WORK TO COMPLETE | Once the line containing "AUDI RS6 Avant" has been written out, stop; until then, restate each line of the entries below word for word from the first.

RECORDS FOR THIS EXERCISE |

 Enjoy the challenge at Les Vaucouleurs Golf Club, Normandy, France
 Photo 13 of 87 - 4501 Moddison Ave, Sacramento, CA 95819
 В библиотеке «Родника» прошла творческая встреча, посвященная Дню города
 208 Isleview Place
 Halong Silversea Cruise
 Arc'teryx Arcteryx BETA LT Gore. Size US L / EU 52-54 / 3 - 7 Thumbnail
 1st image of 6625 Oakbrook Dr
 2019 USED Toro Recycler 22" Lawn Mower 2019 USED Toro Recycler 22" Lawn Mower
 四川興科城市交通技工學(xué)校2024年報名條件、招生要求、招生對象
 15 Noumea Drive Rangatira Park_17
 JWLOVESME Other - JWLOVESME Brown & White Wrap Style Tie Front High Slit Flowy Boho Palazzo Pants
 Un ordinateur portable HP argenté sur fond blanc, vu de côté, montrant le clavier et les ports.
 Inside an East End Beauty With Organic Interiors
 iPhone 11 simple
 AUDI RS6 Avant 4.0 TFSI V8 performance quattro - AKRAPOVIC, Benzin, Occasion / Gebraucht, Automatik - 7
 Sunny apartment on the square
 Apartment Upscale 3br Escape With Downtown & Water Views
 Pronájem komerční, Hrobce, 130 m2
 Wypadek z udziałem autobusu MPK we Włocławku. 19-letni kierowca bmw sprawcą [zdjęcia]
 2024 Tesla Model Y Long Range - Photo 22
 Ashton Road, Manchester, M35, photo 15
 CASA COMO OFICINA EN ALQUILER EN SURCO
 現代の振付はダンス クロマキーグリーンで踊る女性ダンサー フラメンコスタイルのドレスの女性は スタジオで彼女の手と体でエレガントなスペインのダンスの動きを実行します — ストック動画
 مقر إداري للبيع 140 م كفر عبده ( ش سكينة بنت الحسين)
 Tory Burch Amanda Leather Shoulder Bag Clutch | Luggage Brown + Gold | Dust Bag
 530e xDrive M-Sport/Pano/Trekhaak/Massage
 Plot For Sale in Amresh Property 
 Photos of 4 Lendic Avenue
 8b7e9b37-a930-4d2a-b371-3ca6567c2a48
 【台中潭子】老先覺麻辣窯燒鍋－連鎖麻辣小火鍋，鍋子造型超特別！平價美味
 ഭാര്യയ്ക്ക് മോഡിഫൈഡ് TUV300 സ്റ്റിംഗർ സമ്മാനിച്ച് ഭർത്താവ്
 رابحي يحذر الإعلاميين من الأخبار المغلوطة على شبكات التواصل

TASK ANSWER |
 Enjoy the challenge at Les Vaucouleurs Golf Club, Normandy, France
 Photo 13 of 87 - 4501 Moddison Ave, Sacramento, CA 95819
 В библиотеке «Родника» прошла творческая встреча, посвященная Дню города
 208 Isleview Place
 Halong Silversea Cruise
 Arc'teryx Arcteryx BETA LT Gore. Size US L / EU 52-54 / 3 - 7 Thumbnail
 1st image of 6625 Oakbrook Dr
 2019 USED Toro Recycler 22" Lawn Mower 2019 USED Toro Recycler 22" Lawn Mower
 四川興科城市交通技工學(xué)校2024年報名條件、招生要求、招生對象
 15 Noumea Drive Rangatira Park_17
 JWLOVESME Other - JWLOVESME Brown & White Wrap Style Tie Front High Slit Flowy Boho Palazzo Pants
 Un ordinateur portable HP argenté sur fond blanc, vu de côté, montrant le clavier et les ports.
 Inside an East End Beauty With Organic Interiors
 iPhone 11 simple
 AUDI RS6 Avant 4.0 TFSI V8 performance quattro - AKRAPOVIC, Benzin, Occasion / Gebraucht, Automatik - 7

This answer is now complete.